Un Paese è ricco quando gente che dispone di risorse decide di investire in quel territorio. Questo vale a livello industriale e commerciale, ma pure a livello sociale e pastorale. Di solito gli investitori impegnano le loro ricchezze in ambienti che offrano delle prospettive vantaggiose, dove siano ben accolti e dove la società offra condizioni di favore.
In Italia, in questo momento, la situazione è preoccupante perché gli investitori fuggono a causa dei costi, della burocrazia, dell’insicurezza sociale (vedi il caso attuale di Marghera che rischia di perdere le commesse di una grande nave a causa della intransigenza della Fiom), anzi pare che essi se ne vadano dal nostro Paese.
Qualcosa del genere mi pare che capiti anche per la pastorale. A Mestre la vita religiosa ristagna perché coloro che potrebbero investire non sono ben accetti, trovano un ambiente chiuso e difficile e perciò dirottano in altri luoghi la loro “ricchezza”. A Mestre le aziende pastorali presenti sono le parrocchie, però sono piccole, poco efficienti, spesso superate nei metodi e con pochissimo personale.
Facciamo alcuni esempi: quali potrebbero essere gli investitori qualificati e specializzati nel settore giovanile?
A livello di congregazioni religiose certamente i salesiani, per scelta e per preparazione, sono i migliori. A Mestre però non c’è un loro oratorio in tutta la città. Attualmente sono presenti alla Gazzera con un’ottima scuola professionale, ma nulla più. Non so se mai la curia patriarcale abbia richiesto un inserimento massiccio di questi preti per i ragazzi e la gioventù, offrendo una parrocchia e favorendo il loro impegno pastorale.
Ci sono pure i Padri di don Orione al “Berna” con un buon istituto, però non di grosso respiro. A livello associativo chi, in questo momento storico, ha ancora molta presa sui ragazzi, è lo scoutismo, però la diocesi investe troppo poco e pochi preti in questo settore e non preme sufficientemente perché le parrocchie si aprano a questa realtà.
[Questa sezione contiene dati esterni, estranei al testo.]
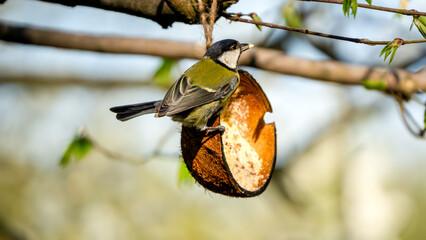 A Great Tit (Parus major) perched on a half‑shell coconut feeder nibbling seeds beneath budding spring branches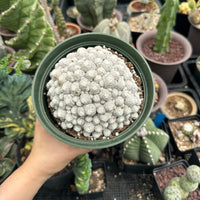 Rare Cactus - Mammillaria Humboldtii Large Cluster (1)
Nel settore della carità esiste la Caritas, ma a Mestre è pressoché ininfluente. La San Vincenzo ha avuto negli ultimi decenni uno sviluppo insperato, ma ora pare ripiegata su se stessa, è presente in non molte parrocchie e soprattutto mancante a livello giovanile. Ora c’è un tenero virgulto della “Misericordia” che ci fa sperare, però ad esempio la Comunità di Sant’Egidio non riesce affatto a decollare.
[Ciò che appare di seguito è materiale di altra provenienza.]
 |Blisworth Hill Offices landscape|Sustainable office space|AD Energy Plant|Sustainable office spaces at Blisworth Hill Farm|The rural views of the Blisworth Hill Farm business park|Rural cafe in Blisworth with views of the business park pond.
A livello di adulti è molto attivo il movimento neocatecumenale, però è chiuso in se stesso; mi pare che per formazione sia poco disponibile ad aprirsi agli altri ad una collaborazione anche fuori dalla propria “cittadella fortificata”. Mentre “I Focolari” e il movimento carismatico è pochissimo presente e mi pare non attecchisca in maniera seria.
Credo che al punto in cui ci troviamo “il governo” della nostra Chiesa locale dovrebbe impegnarsi di più per attivare questi investitori ricchi di esperienze specifiche, altrimenti arrischiano di morire di inedia.